##### Source records

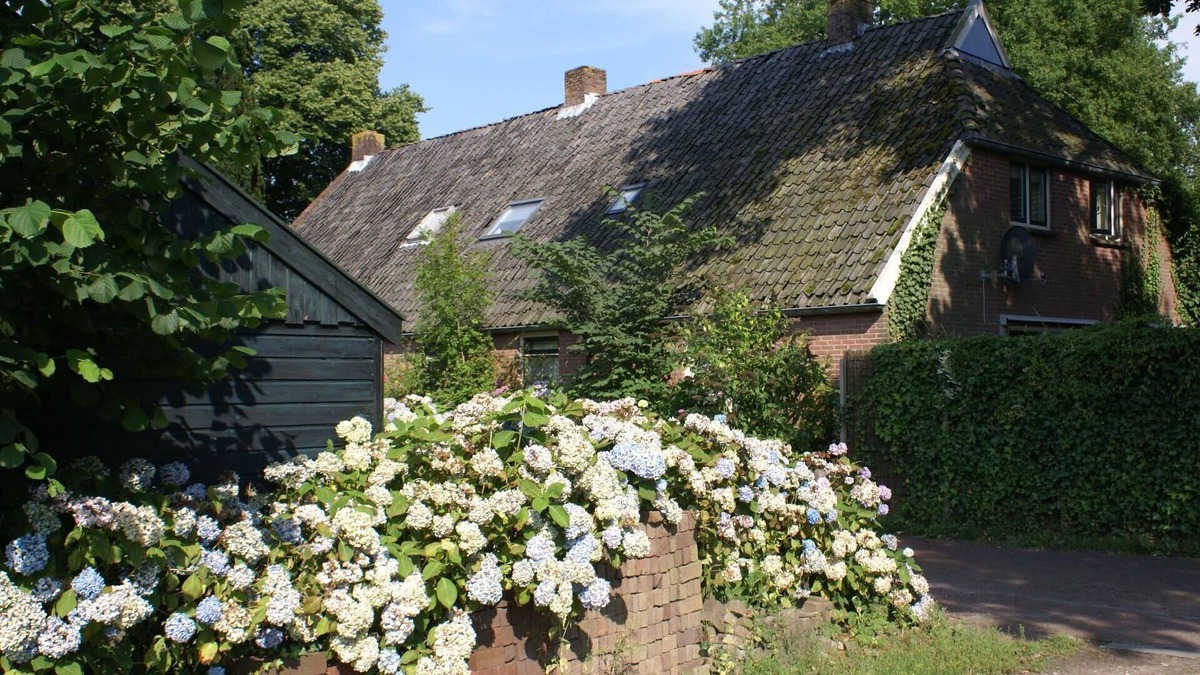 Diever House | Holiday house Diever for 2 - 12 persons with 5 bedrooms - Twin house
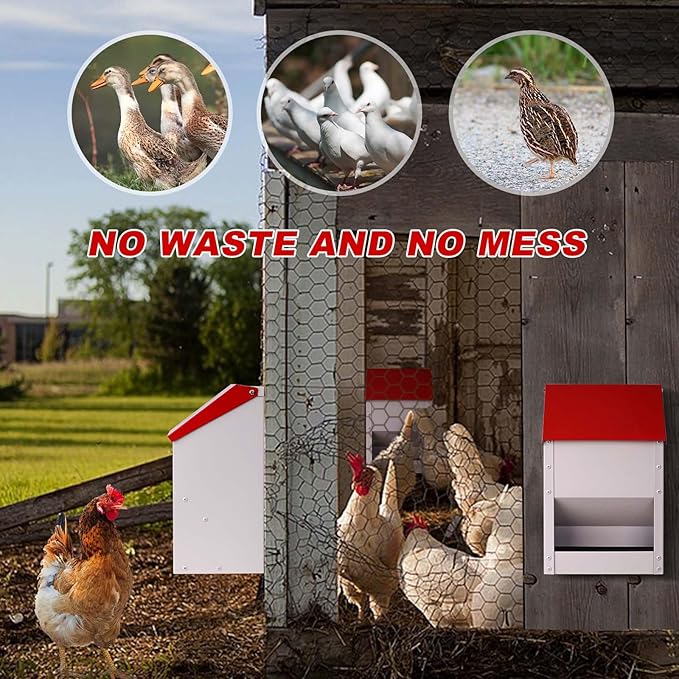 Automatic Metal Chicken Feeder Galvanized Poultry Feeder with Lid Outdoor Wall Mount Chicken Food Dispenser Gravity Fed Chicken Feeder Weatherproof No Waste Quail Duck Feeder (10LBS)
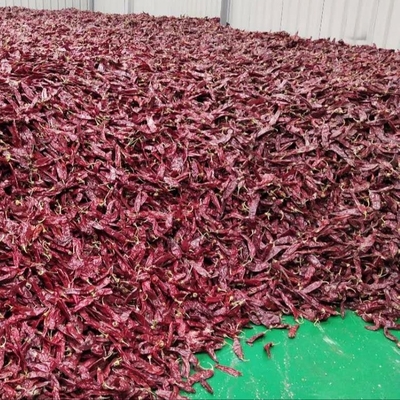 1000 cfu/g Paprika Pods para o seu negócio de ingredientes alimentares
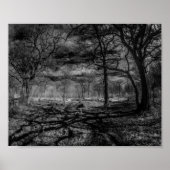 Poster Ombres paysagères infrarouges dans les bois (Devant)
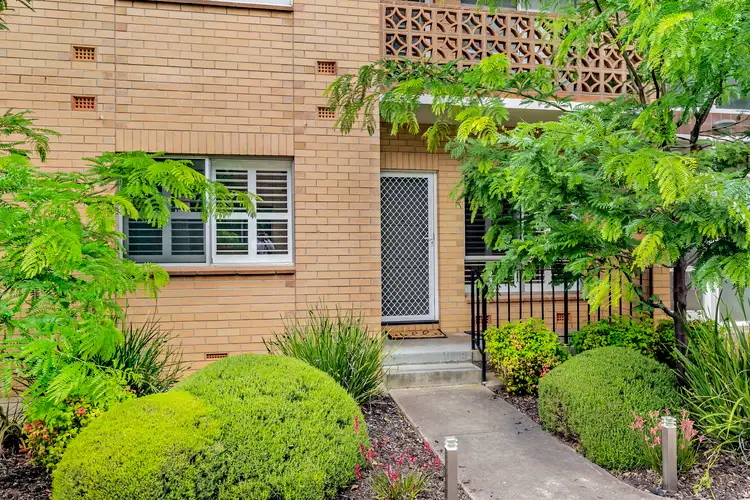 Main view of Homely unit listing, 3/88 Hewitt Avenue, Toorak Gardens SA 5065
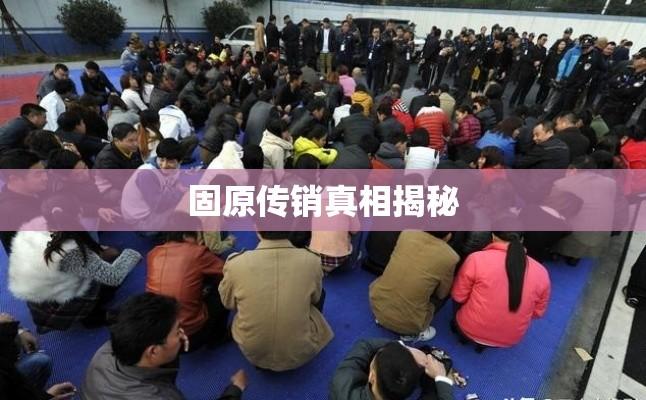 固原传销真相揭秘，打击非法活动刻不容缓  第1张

##########
##### Source records

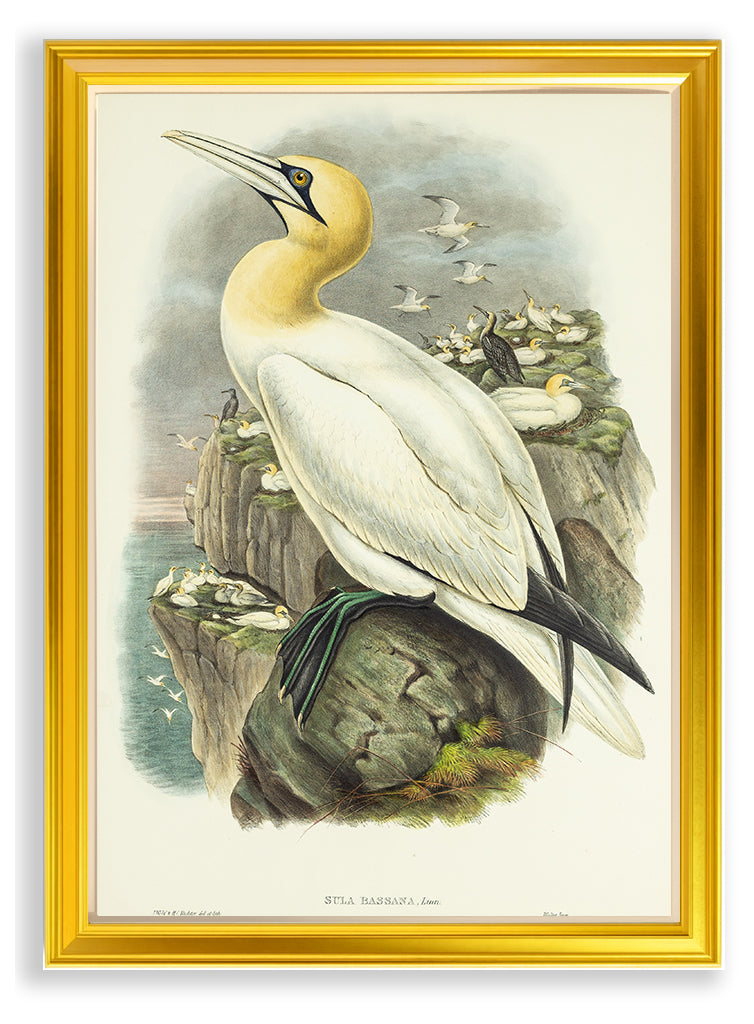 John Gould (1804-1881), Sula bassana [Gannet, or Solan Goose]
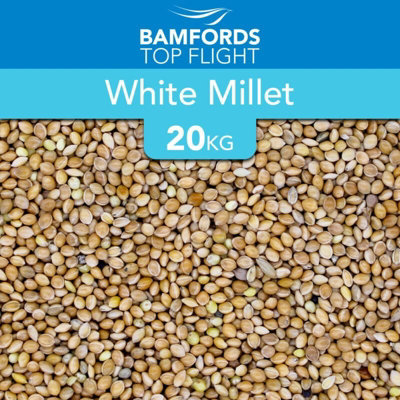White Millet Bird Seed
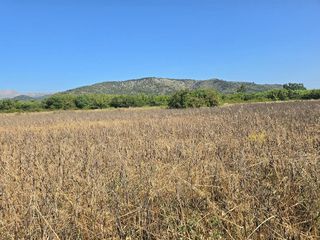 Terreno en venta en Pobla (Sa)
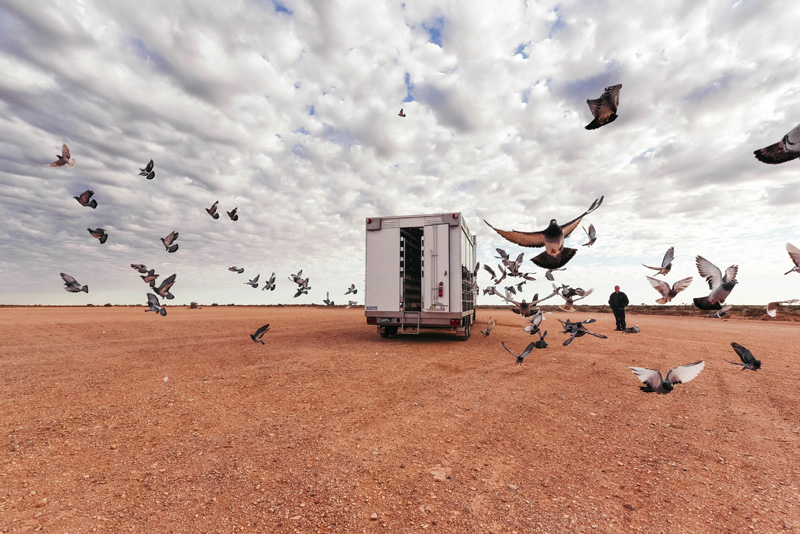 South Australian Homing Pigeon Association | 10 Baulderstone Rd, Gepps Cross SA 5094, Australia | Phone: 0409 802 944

##########
##### Source records

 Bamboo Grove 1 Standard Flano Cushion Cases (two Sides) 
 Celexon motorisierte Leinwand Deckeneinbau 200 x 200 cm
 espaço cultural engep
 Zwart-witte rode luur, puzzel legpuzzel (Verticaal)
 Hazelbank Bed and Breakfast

##########

* [Your task] Using the entries above, output exactly the lines between the line holding "Celexon motorisierte Leinwand" and the line holding "Hazelbank Bed and Breakfast", end lines included, and nothing more.

* [The completed task]
 Celexon motorisierte Leinwand Deckeneinbau 200 x 200 cm
 espaço cultural engep
 Zwart-witte rode luur, puzzel legpuzzel (Verticaal)
 Hazelbank Bed and Breakfast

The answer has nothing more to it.